山田洋次 僕は子供の頃からこの落語が大好きで、芝居も好きでした。うんと笑いながら、人間の心の中には、キラリと光る善意があることを信じたくなるような物語なんですね。古典落語の中でも語り口も作劇も大変に巧妙、よくできた噺だと思います。
──主人公である左官の長兵衛は博打好きで、女房お兼とはケンカばかり。貧乏生活を送る家族の苦境を見かねた娘のお久は、自分が吉原に身を売ることを決意し……という人情劇です。
山田 その昔、勘三郎さんとお話する中で「お久が吉原に現れるところから始まる、そういう語り口もあるのでは」と。彼も「それ、面白そうだから映画にしましょう、吉原の大門に貧しい少女が心細そうに立っているオープニングなんてどうかな」なんておっしゃっていたけれど、結局実現する前に彼はこの世を去ってしまった。そんな思いをずっと抱いていた僕が、獅童さんとしのぶさんのお二人でもう一度「文七元結」を演出できる、ありがたい機会を頂戴しました。観客が温かい思いを抱いて劇場をあとにする、そんな作品になればと思っています。
──獅童さんとしのぶさんは若かりし頃に映像で共演されたり、勘三郎さん座長の「浅草パラダイス」シリーズでもご一緒されていましたが、夫婦役は初です。
中村獅童 以前、映画「男たちの大和/YAMATO」で思いを寄せ合う兵士と芸者の役でご一緒したことはありましたが、やっと夫婦になれるわけですね(笑)。1年ほど前、山田監督と打ち合わせをさせていただいたとき、「女優さんが出るのもありではないでしょうか」という提案をしました。しのぶちゃんとは同い年で、若い頃から芝居の話をしたり、映画の話をしたり、なんでも言い合える間柄。二十代のとき、一緒に飲んでいて、「自分がもし男だったら歌舞伎をやりたかった、自分だけ仲間外れのような気分だった」なんて打ち明けてくれた言葉がずっと心の中にあって。僕の勝手な、余計なお世話かもしれないけれど、そんな彼女と「歌舞伎座で一緒にお芝居したい」と思い、そのときに名前を挙げさせていただきました。「女性が歌舞伎座に」ということばかりがクローズアップされると戸惑いますが、僕たちとしてはごく自然な流れで決まり、コツコツ時間をかけて準備してきました。

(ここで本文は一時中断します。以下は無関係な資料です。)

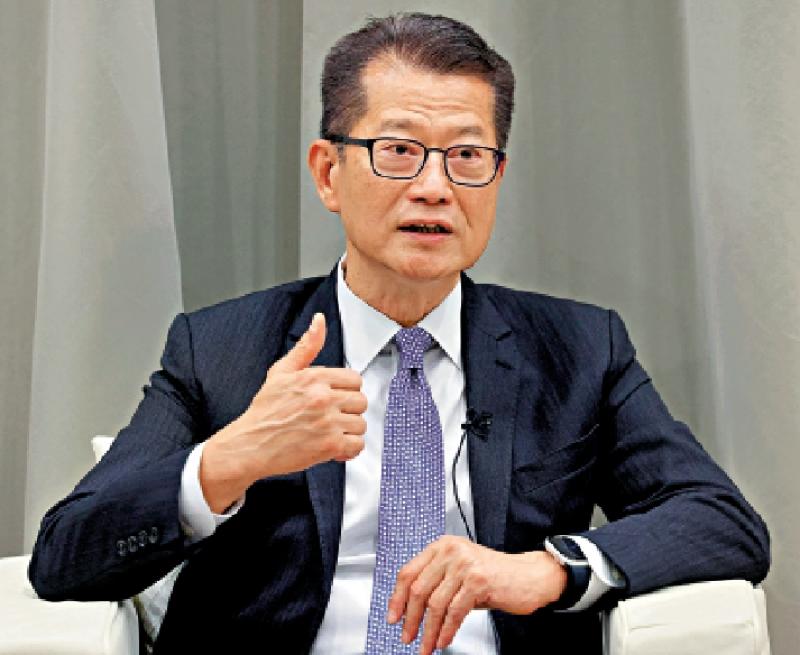 ?陳茂波：樓價屬有序調整 市場未見恐慌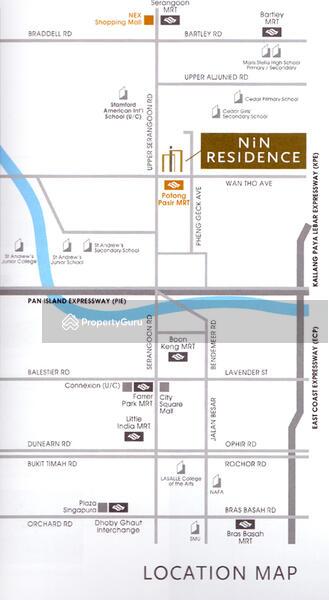 Condominium for Sale, Nin Residence, SGD 1,450,000 | 99-year lease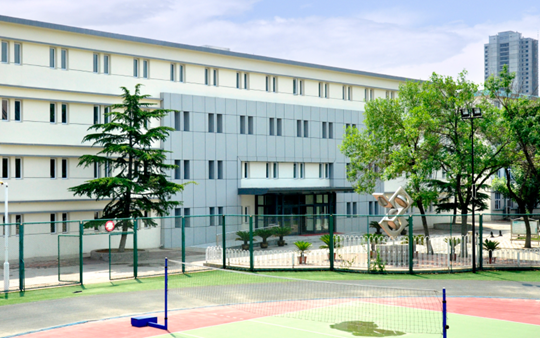 天津市经济贸易学校环境、学校图片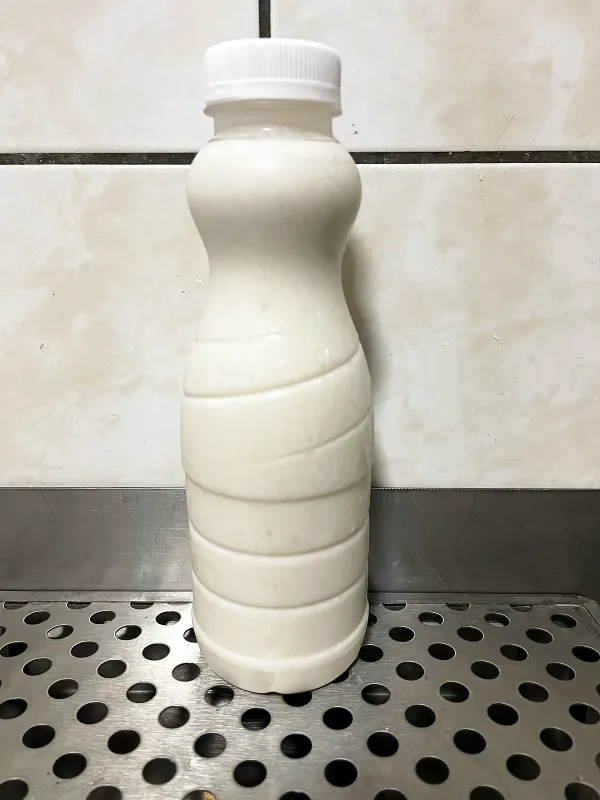 Banános kecskejoghurt
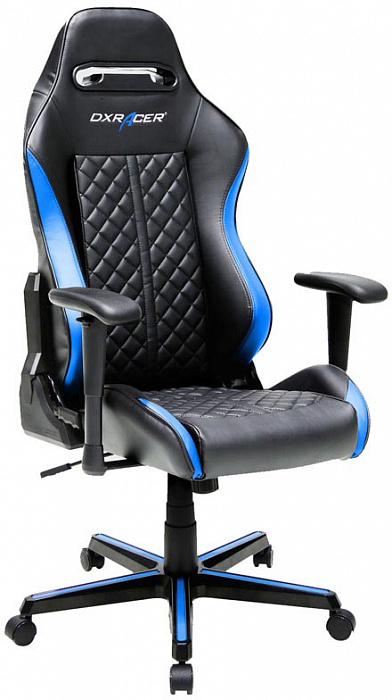 DXRacer OH/DH73/NB - компьютерное кресло (Black/Blue) купить в интернет-магазине icover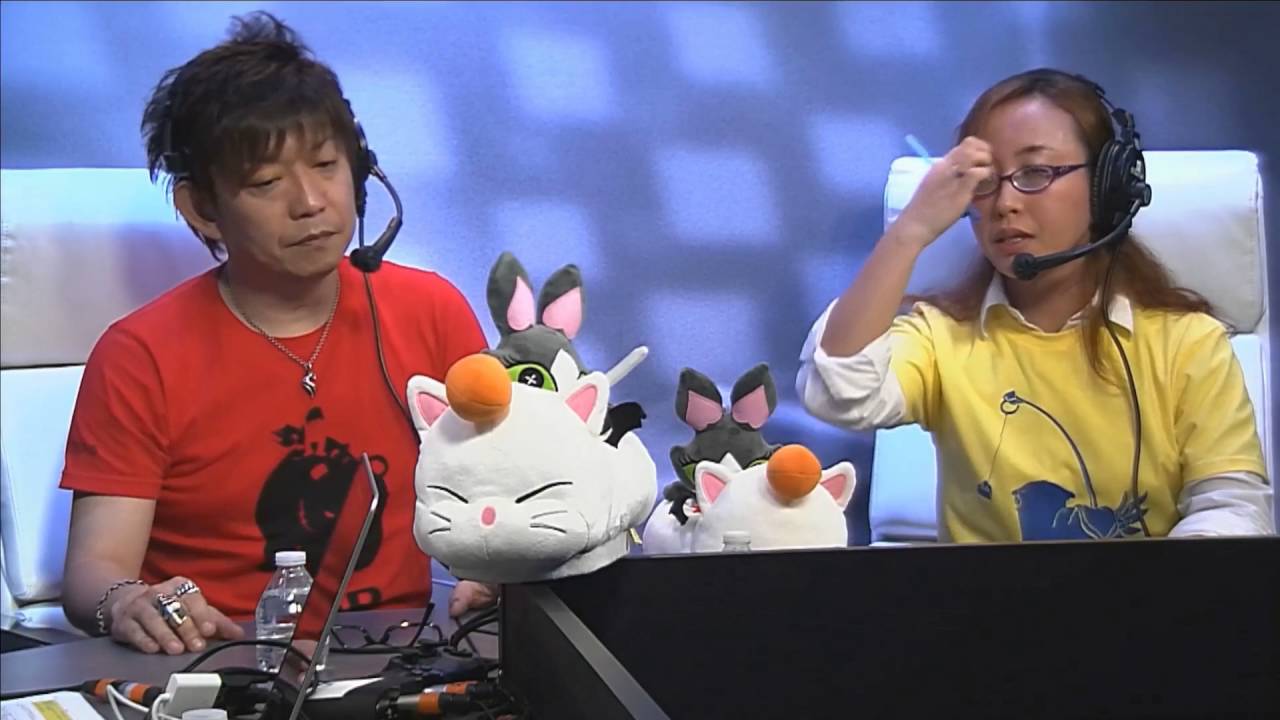 FF14 / 出張プロデューサーレターLIVE in E3 2016 (Unofficial)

──過去の歌舞伎座の歌舞伎興行では、二世尾上松緑さんと山田五十鈴さんが共演した「シラノ・ド・ベルジュラック」、初代水谷八重子さんが十一世市川團十郎さんや十七世勘三郎さんらと共演した舞台などいくつか前例もありますしね。しのぶさんの現在の思いも伺えますか。
寺島しのぶ 今の思い……そうですね。歌舞伎の世界は3・4日の稽古で初日が空いてしまう恐ろしいプロ集団じゃないですか。その中に私が入るわけで、とにかく山田監督による新しい「文七元結物語」に一生懸命没入して、腹をくくってがんばろうと思っています。チラシもできあがり、ポスターもできて、なんかこう周りからじわじわと迫ってきて(笑)、いよいよ実感も湧いてきました。覚悟はできています。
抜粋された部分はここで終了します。